Trotz einer bemerkenswerten Vervielfältigung der Modelle und Handlungsoptionen für Mädchen und Jungen weisen ihre Berufs- und Lebenspläne große geschlechtsbezogene (und teilweise geschlechtsstereotype) Unterschiede auf. Oft gerät in Vergessenheit, dass Pädagogen und Pädagoginnen in ihrer Arbeit mit Jungen und Mädchen selbst Vorbilder präsentieren, die ebenfalls geschlechtstypische Faktoren aufweisen.

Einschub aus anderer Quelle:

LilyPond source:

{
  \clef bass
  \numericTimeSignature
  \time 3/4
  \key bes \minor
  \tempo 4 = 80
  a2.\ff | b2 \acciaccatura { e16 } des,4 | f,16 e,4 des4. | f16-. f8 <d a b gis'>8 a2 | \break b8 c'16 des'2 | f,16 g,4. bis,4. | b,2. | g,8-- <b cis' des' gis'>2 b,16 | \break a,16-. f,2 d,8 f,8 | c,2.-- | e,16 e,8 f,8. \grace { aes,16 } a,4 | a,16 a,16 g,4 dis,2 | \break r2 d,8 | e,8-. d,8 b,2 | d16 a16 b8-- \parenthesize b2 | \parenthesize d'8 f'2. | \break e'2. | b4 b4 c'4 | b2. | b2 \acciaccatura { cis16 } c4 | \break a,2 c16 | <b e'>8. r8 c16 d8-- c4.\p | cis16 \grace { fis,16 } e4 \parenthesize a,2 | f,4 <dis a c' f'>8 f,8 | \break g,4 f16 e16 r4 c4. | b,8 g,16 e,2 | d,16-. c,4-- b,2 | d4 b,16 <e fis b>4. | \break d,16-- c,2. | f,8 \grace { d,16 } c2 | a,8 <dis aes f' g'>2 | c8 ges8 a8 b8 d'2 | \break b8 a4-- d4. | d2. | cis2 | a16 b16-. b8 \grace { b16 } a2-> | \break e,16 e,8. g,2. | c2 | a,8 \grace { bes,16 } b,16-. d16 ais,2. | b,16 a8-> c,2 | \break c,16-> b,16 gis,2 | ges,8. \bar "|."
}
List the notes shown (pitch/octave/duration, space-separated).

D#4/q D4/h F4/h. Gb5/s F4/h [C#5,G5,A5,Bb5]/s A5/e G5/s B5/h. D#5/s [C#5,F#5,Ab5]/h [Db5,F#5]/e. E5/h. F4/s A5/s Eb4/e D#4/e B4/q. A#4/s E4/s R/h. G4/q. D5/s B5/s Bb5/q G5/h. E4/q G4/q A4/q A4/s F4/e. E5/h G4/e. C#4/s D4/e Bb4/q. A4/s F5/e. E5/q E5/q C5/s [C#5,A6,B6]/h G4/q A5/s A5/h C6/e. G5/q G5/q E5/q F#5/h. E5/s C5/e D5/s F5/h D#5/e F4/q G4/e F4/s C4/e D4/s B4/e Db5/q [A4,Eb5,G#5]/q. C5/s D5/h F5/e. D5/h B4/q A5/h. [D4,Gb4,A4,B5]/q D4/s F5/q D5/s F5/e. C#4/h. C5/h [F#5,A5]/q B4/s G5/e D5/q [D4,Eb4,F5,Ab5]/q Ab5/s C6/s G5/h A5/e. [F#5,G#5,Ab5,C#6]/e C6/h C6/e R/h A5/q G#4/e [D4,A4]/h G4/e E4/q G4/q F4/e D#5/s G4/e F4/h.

Ziel des Workshops ist es, PädagogInnen Möglichkeiten zu eröffnen, um Mädchen und Jungen kompetent und geschlechtsbewusst bei Fragen der Lebens- und Berufsplanung beraten und unterstützen zu können.

Dazu laden wir ein,

  • die eigene Haltung in diesem Prozess zu reflektieren,
  • die geschlechtstypischen Positionen von Jungen und Mädchen in ihrer Lebensplanung zu betrachten,
  • den Blick von der Berufsorientierung zur Lebensplanung hin zu weiten,
  • Methoden zur Lebensplanung kennen zu lernen und zu erproben, z.B. Identitäts- und Kooperationsübungen, Methoden zur Sensibilisierung von Selbst- und Fremdwahrnehmung,
  • Methoden zur Perspektivbildung in der Lebensplanung jenseits geschlechtstypischer Rollenerwartungen.

Im ersten Teil der Veranstaltung sollen vor dem Hintergrund der eigenen Arbeit die TeilnehmerInnen in ihrer pädagogischen und Beratungskompetenz gestärkt werden.
Im zweiten Teil werden Methoden zur Arbeit mit Jungen und Mädchen im Bereich der Lebensplanung vorgestellt und ausprobiert.